House debates
Thursday, 25 May 2023
Constituency Statements
Barker Electorate: Roads
9:47 am
Tony Pasin (Barker, Liberal Party, Shadow Assistant Minister for Infrastructure and Transport) Share this | Link to this | Hansard source
Tomorrow is Fatality Free Friday, and, of course, last week was National Road Safety Week. These are events which draw road safety to top of mind, which of course it should always be—never more so than when considering that Australia's road toll has increased, sadly, by nearly five per cent in the last 12 months. It doesn't sound like a lot, but that represents more than 50 additional lives lost this year relative to last. It's pretty clear that more needs to be done to address our Australian road deaths.
So what is the government doing? Our road network is falling into disrepair faster than the government can get on with the ill-fated 90-day review, let alone get new money out of the door. I had never listened to a treasurer on budget night deliver a budget speech to the chamber that doesn't mention the word 'infrastructure'. Perhaps he was looking for the colloquial 'road' or 'roads', but they weren't mentioned either. There was nothing in this budget to improve roads in my local area that are desperately in need of significant upgrades.

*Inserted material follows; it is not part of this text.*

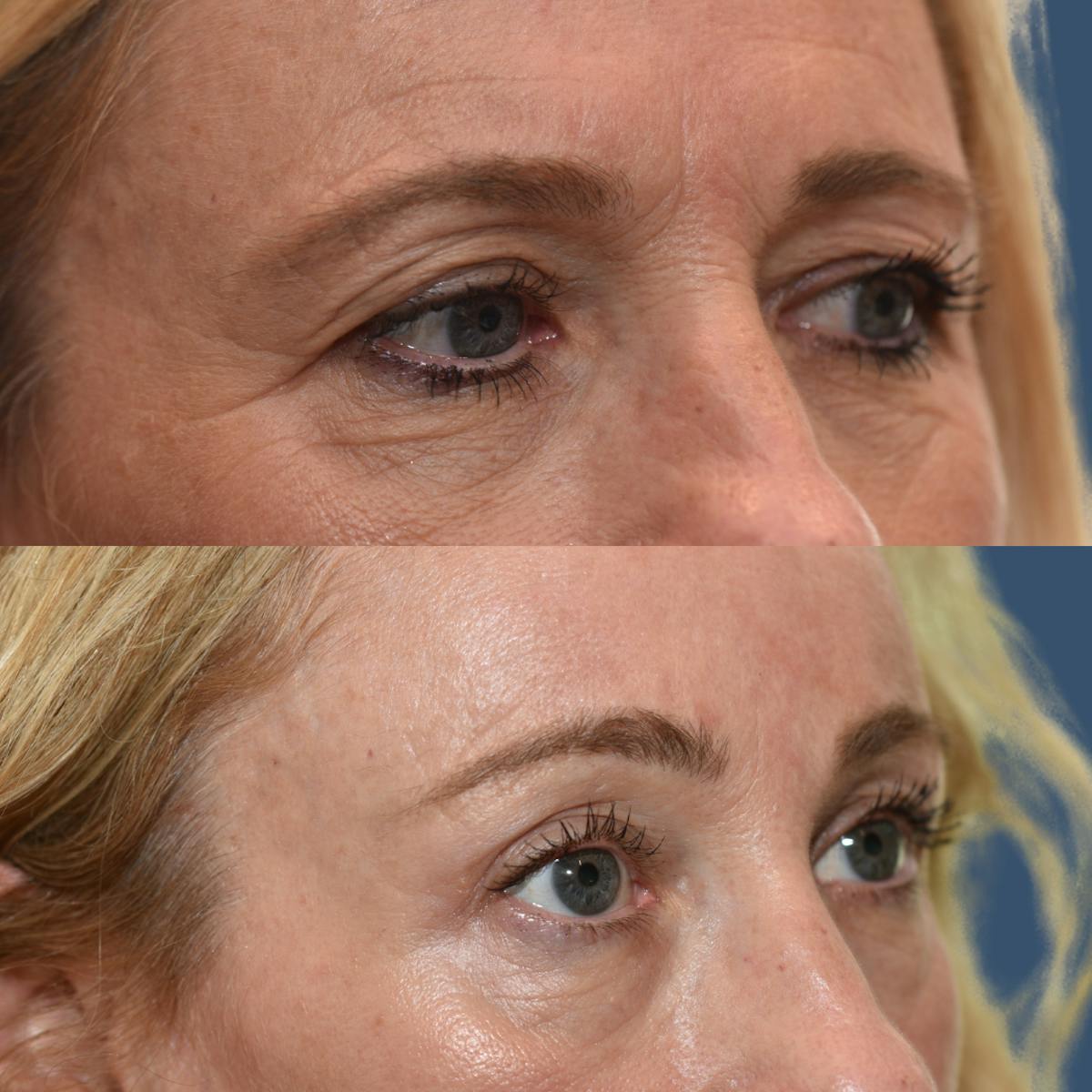 Upper Blepharoplasty Before & After Gallery - Patient 257177 - Image 2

There was no additional funding to duplicate the Truro freight route, no more funding for the Sturt Highway, no funding for the Malee Highway or Marrabel Road and no funding for the Dukes, the Riddoch or the Princes Highway.
I was at least relieved to see that they maintained the funding status quo for important, longstanding road funding programs such as Roads to Recovery, Bridges Renewal Program, Heavy Vehicle Safety and Productivity Program and the Black Spot Program. That was until a coalition colleague in the other place discovered, through questioning the department on Monday, that these four vitally important programs are included in the 90-day review. So not only are more than 400 important road projects under review in South Australia are facing Labor's chopping block across the country but now those opposite want to review funding programs as well, important programs that through state and local governments have delivered billions of dollars in local road improvements, particularly in rural and regional Australia, addressing the national death toll.
The Roads to Recovery Program has delivered $68 million of funding in my electorate alone over the last four years; $52 million to South Australian bridges upgraded under the Bridges Renewal Program; and $70 million to improve South Australia roads and safety under the Heavy Vehicle Safety and Productivity Program. Now we are facing a situation where these programs are under review; their future is uncertain. This has created shockwaves emanating from this building into the local government sector and to those who earn an income maintaining our national road network. Importantly, Australians deserve better. We need to push road deaths down. You do not do it by reviewing programs and cutting funding.